No, I am not a self-harmer or the victim of domestic violence...I just work with animals.  Kenneling cats would often leave me with scratches up and down my arms, whether as a result of a fearful feral or a rambunctious kitten.  One evening I was sitting down to dinner with my parents after a day at work, and I noticed my mom looking over at my clawed-up wrists.  "Are you...okay?" she questioned with concern.  "Mom.  These are from cats."  "Just making sure!  I didn't know!"  And kenneling large dogs would often leave me with bruises all over various limbs.  I bruise very easily, and if a Lab playfully mouthed my arm or a pibble tail whacked my shin too hard, I would be black and blue the next day.  Let's just say Jared got a few nasty looks when a cashier rang us up and spotted the bruises on my upper arms!

Sometimes dogs bite, y'all.  Who knew?  Usually it's a nip through your jeans.  Or maybe a snap at your fingers.  But sometimes it can be worse.  Sometimes it's a dog who you never expected would bite.  Who you thought was your buddy.  Who used to give you kisses and let you rub his belly!


This was my fault.  I leaned over to give him a kiss when a strange (and potentially dangerous) man was holding his leash.  He was probably worked up, and I was stupid.  My point is, you never know.  At the shelter I worked at, bites were rare...but they did happen.  This is something you need to be aware of if you want to work with animals.

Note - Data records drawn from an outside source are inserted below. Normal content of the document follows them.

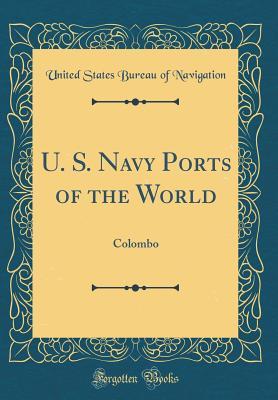 Read Online U. S. Navy Ports of the World: Colombo (Classic Reprint) - United States Bureau of Navigation | PDF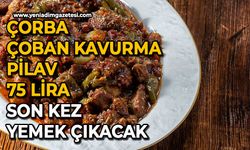 Çorba, çoban kavurma, pilav 75 lira: Son kez yemek çıkacak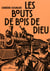 Les bouts de bois de Dieu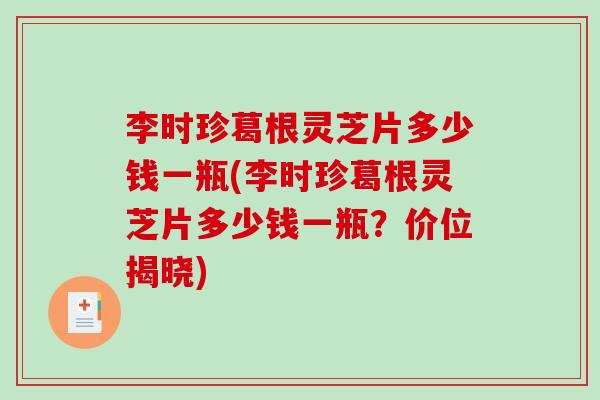 李时珍葛根灵芝片多少钱一瓶(李时珍葛根灵芝片多少钱一瓶？价位揭晓)
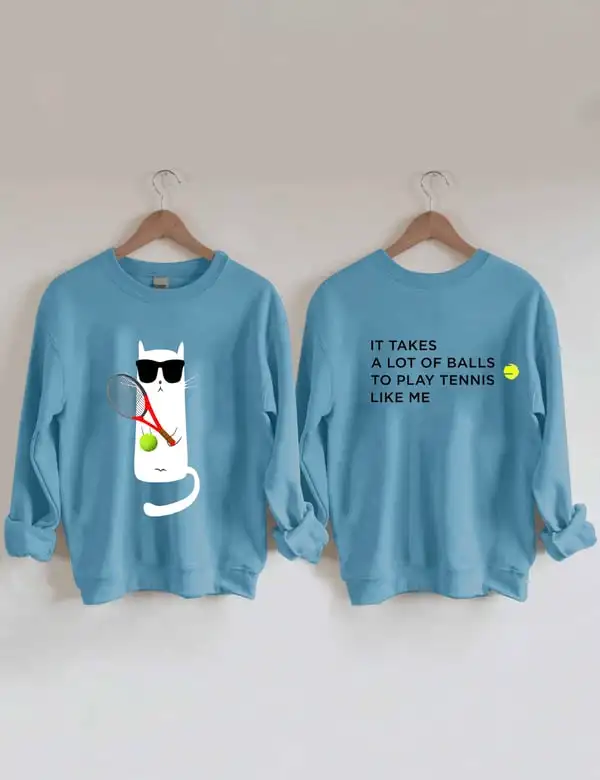 

Autumn Women's Crewneck Sweatshirt Print It Takes A Lot Of Balls To Play Tennis Like Me Loose Sport Long Sleeve Shirt Pullov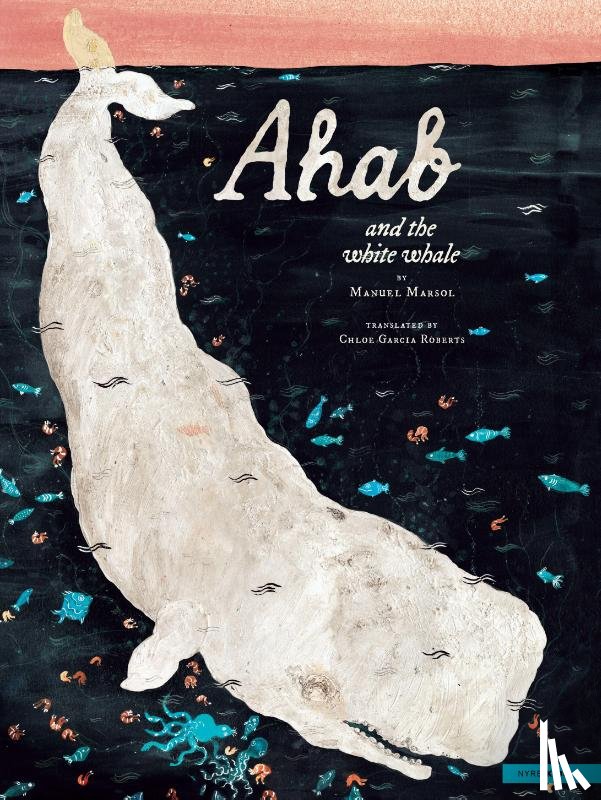 Marsol, Manuel, Roberts, Chloe Garcia - Ahab and the White Whale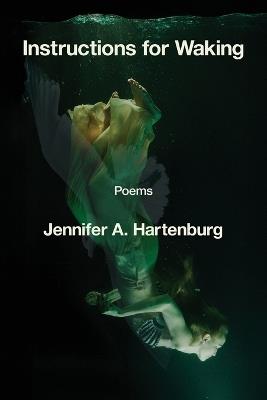 Instructions for Waking - Jennifer A Hartenburg - cover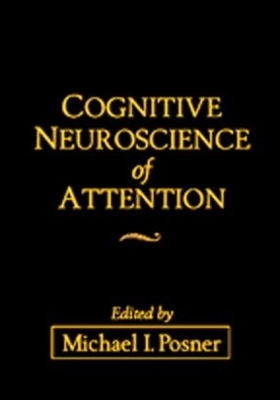 Cognitive Neuroscience of Attention, First Edition - 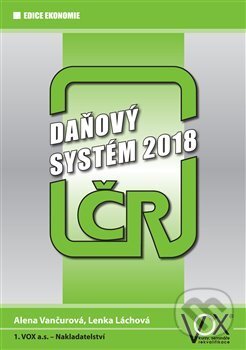 Kniha: Daňový systém ČR 2018 (Alena Vančurová a Lenka Láchová). VOX, 2018 Kniha: Daňový systém ČR 2018 (Alena Vančurová a Lenka Láchová). VOX, 2018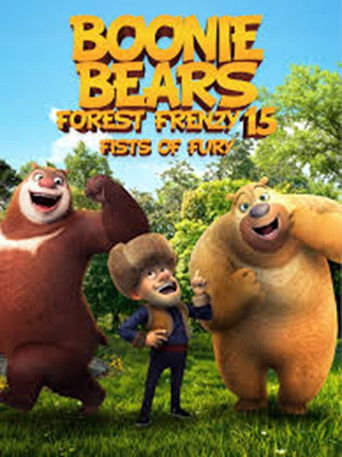 Boonie Bears Forest Frenzy 15: Fists Of Fury poster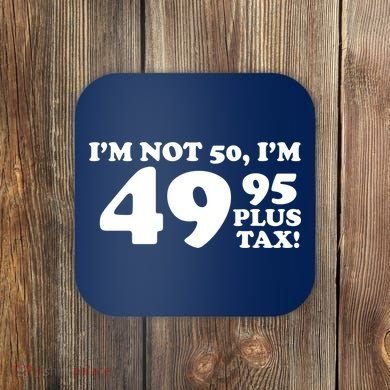 I'm Not 50 Funny Birthday Coaster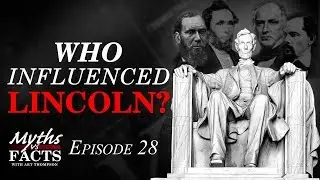 Myths VS Facts | Who Influenced Lincoln?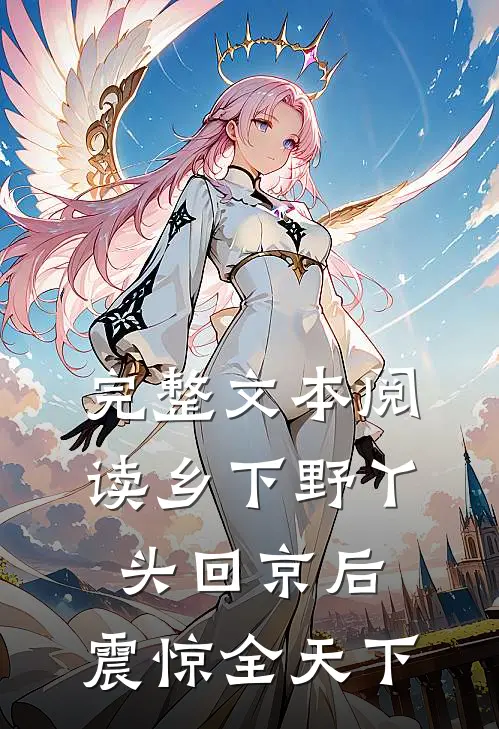 完整文本阅读乡下野丫头回京后，震惊全天下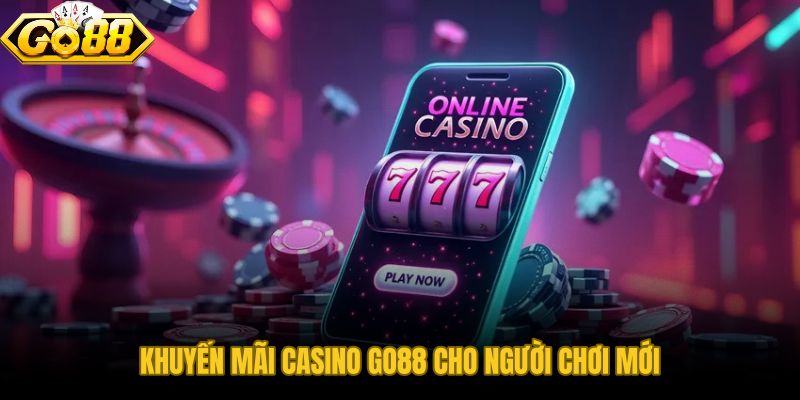 Tổng Quan Về Sảnh Casino Go88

You've also gotta know...IT'S ALL SO WORTH IT!  You will be grinning all the way through the blood, sweat, and tears - trust me!  :)  No pain, no gain, baby!


  1. I am totally with you and I relate so much. Some days after grooming, I couldn't move because I hurt so much. I actually do have nerve damage in my wrist from scissoring. :(

  2. Wow it sounds like very hard work. I can relate to the bruises though. Brown dawgs love to step on my feet....ouch!

  3. Well that looks like a real ouchie! I totally agree, working with animals is hard, and painful!

    Btw my favorite posts are about poop. I think you can get a lot of humor with those posts.

    Thanks for joining the blog hop!!

  4. Ouch! That looks painful. My arms and hands look like I have been in a fight most days! LOL!

  5. Bless you!!!! This is something I have wanted to do for a very long time. I am only able to have a page on facebook (Crossposting and Advocating for Animals) because of a severely damaged spine and more. I truly admire and respect every one of you that work with the needy babies.


  6. Ahahaha this is all so true. When I was around kittens at the rescue a lot years ago, my wrists and hands would get torn up from those baby kitten claws! Ouch! I also got attacked by a Pomeranian once...

  7. Yep! Always ouchies and bruises all over. Between the dogs, cats, horses and rarely chickens or cows, there's always something. But it's all ok.

  8. I can understand a lot of these because I work as a dog walker and I used to work at a boarding kennel. My legs, arms and even my stomach often have scratch marks. Sorry you were bitten in the face. Yikes, that must have been scary.